Ben Chuanlong Du's Blog

It is never too late to learn.

Partition and Bucketing in Spark

Tips and Traps

  1. Bucketed column is only supported in Hive table at this time.

  2. A Hive table can have both partition and bucket columns.

  3. Suppose t1 and t2 are 2 bucketed tables and with the number of buckets b1 and b2 respecitvely. For bucket optimization to kick in when joining them:

     - The 2 tables must be bucketed on the same keys/columns.
     - Must joining on the bucket keys/columns.
     - `b1` is a multiple of `b2` or `b2` is a multiple of `b1`.
    
    

    When there are many bucketed table that might join with each other, the number of buckets need to be carefully designed so that efficient bucket join can always be leveraged.

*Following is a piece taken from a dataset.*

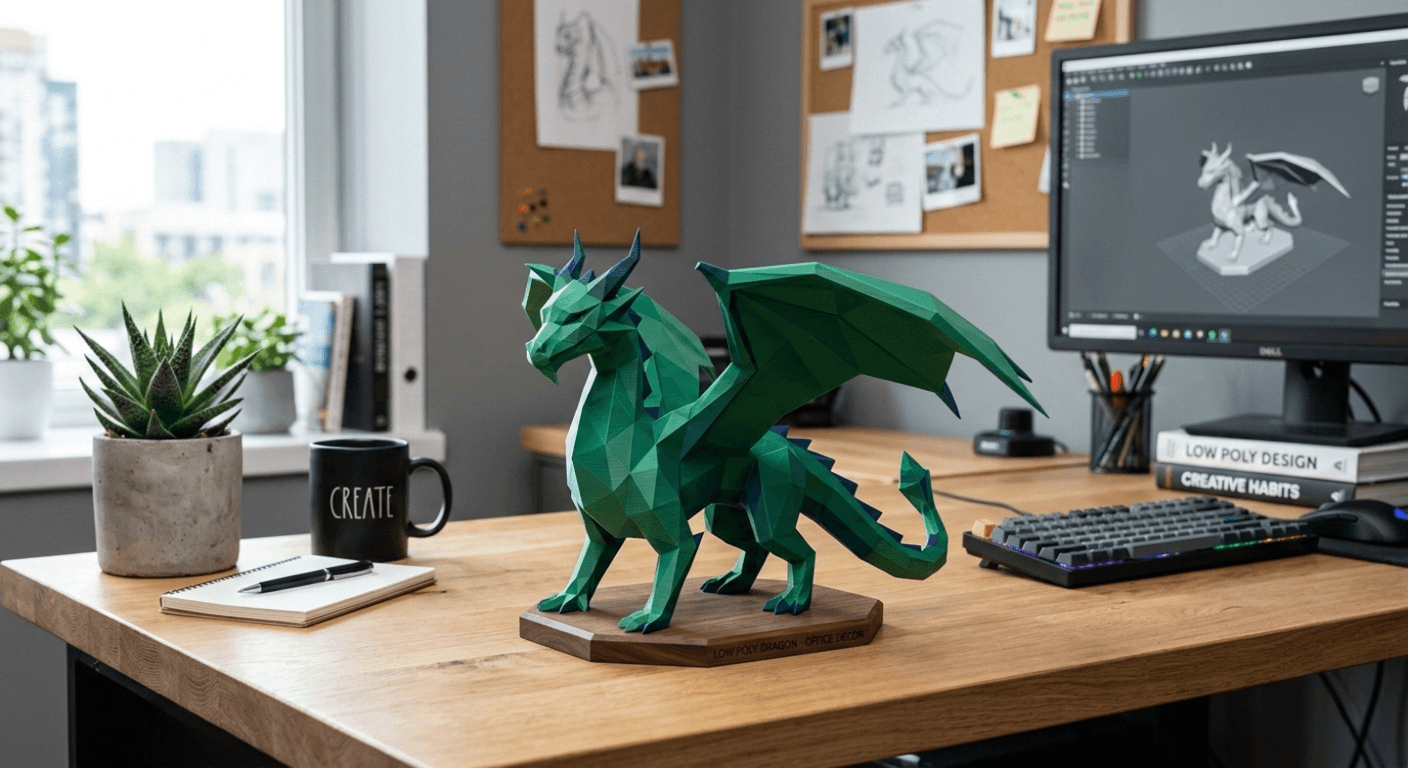 The Emerald Guardian: A 3D model in Low-Poly Engineering (STL - 3MF)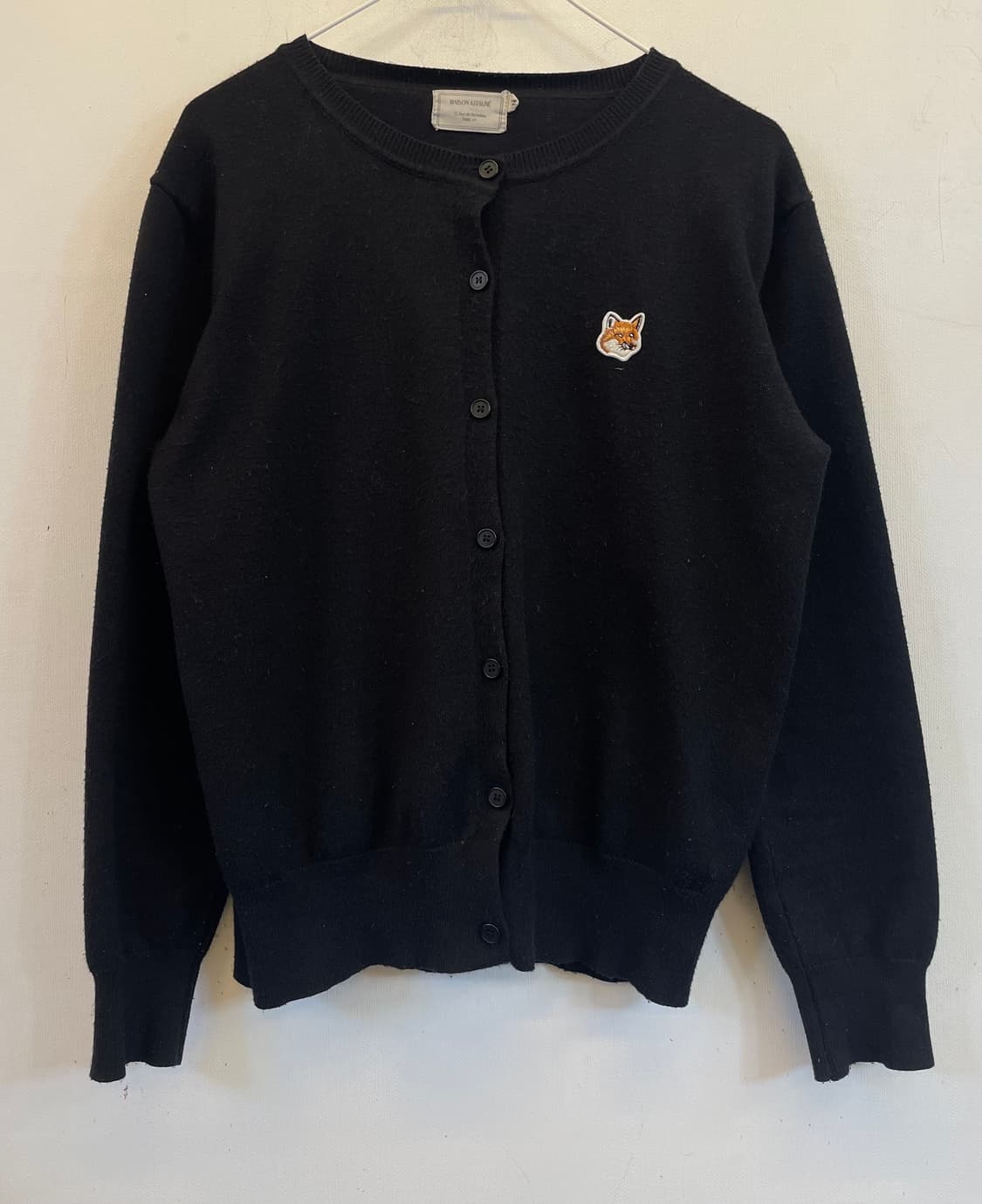 메종키츠네 폭스헤드 블랙가디건 M:) 니트가디건 상품이미지1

  4. Bucket for optimized filtering is available in Spark 2.4+. For examples, if the table person has a bucketed column id with an integer-compatible type, then the following query in Spark 2.4+ will be optimized to avoid a scan of the whole table. A few things to be aware here. First, you will still see a number of tasks close to the number of buckets in your Spark application. This is becuase the optimized job will still have to check all buckets of the table to see whether they are the right bucket corresponding to id=123. (If yes, Spark will scan all rows in the bucket to filter records. If not, the bucket will skipped to save time.) Second, the type of the value to compare must be compartible in order for Spark SQL to leverage bucket filtering. For example, if the id column in the person table is of the BigInt type and id = 123 is changed to id = "123" in the following query, Spark will have to do a full table scan (even if it sounds extremely stupid to do so).

     :::sql
     SELECT *
     FROM persons
     WHERE id = 123
  5. When you use multiple bucket columns in a Hive table, the hashing for bucket on a record is calculated based on a string concatenating values of all bucket columns. This means that to leverage bucket join or bucket filtering, all bucket columns must be used in joining conditions or filtering conditions.

Benefit of Partition Columns

  1. Spark supports partition pruning which skips scanning of non-needed partition files when filtering on partition columns. However, notice that partition columns does not help much on joining in Spark. For more discussions on this, please refer to Partition-wise joins and Apache Spark SQL .

When to Use Partition Columns

  1. Table size is big (> 50G).
  2. The table has low cardinality columns which are frequently used in filtering conditions.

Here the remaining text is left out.